[Task details] Repeat only the stretch of lines below that runs from the line with "Brazil Remiga Natural Clip Ins 7 Piece Set" through the line with "عسل طبیعی کوهی فروردین - 2000 گرم", unaltered.

[Given information]

──────────────────────────────

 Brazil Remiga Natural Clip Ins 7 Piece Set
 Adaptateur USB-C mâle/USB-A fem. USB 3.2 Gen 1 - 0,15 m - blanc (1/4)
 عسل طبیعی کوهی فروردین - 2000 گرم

──────────────────────────────

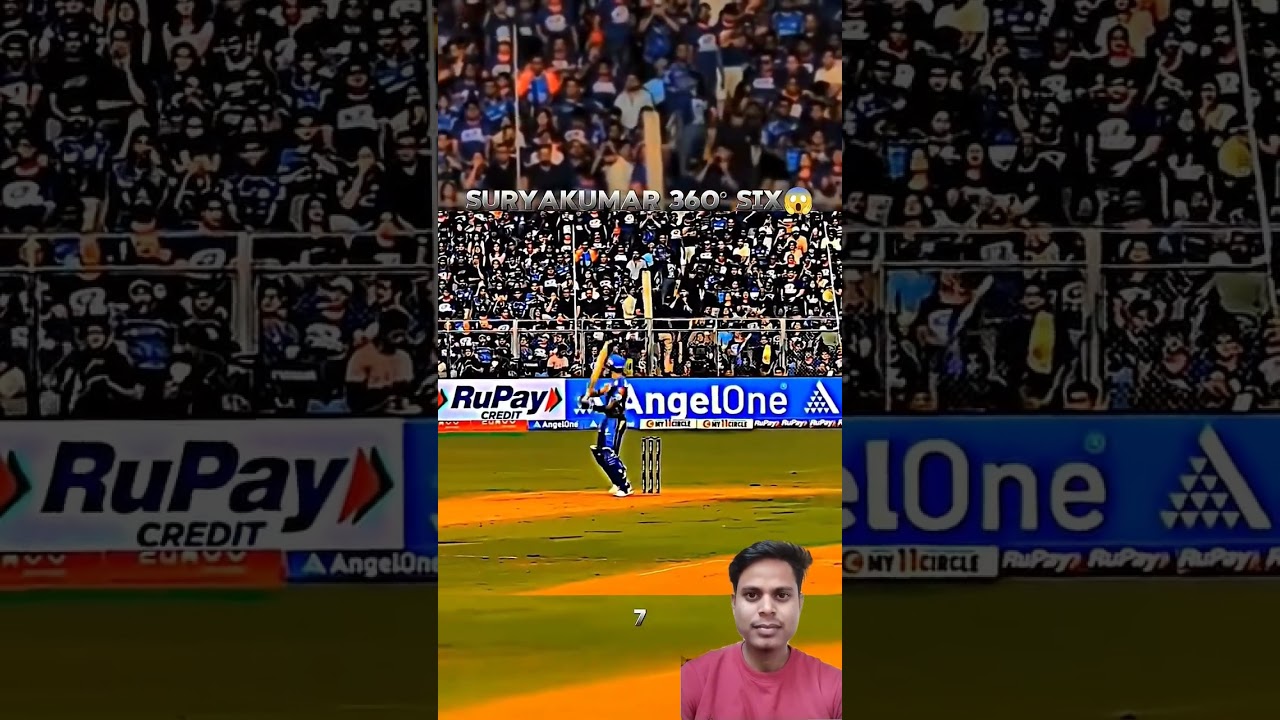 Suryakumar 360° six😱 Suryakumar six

──────────────────────────────

[Answer area]
 Brazil Remiga Natural Clip Ins 7 Piece Set
 Adaptateur USB-C mâle/USB-A fem. USB 3.2 Gen 1 - 0,15 m - blanc (1/4)
 عسل طبیعی کوهی فروردین - 2000 گرم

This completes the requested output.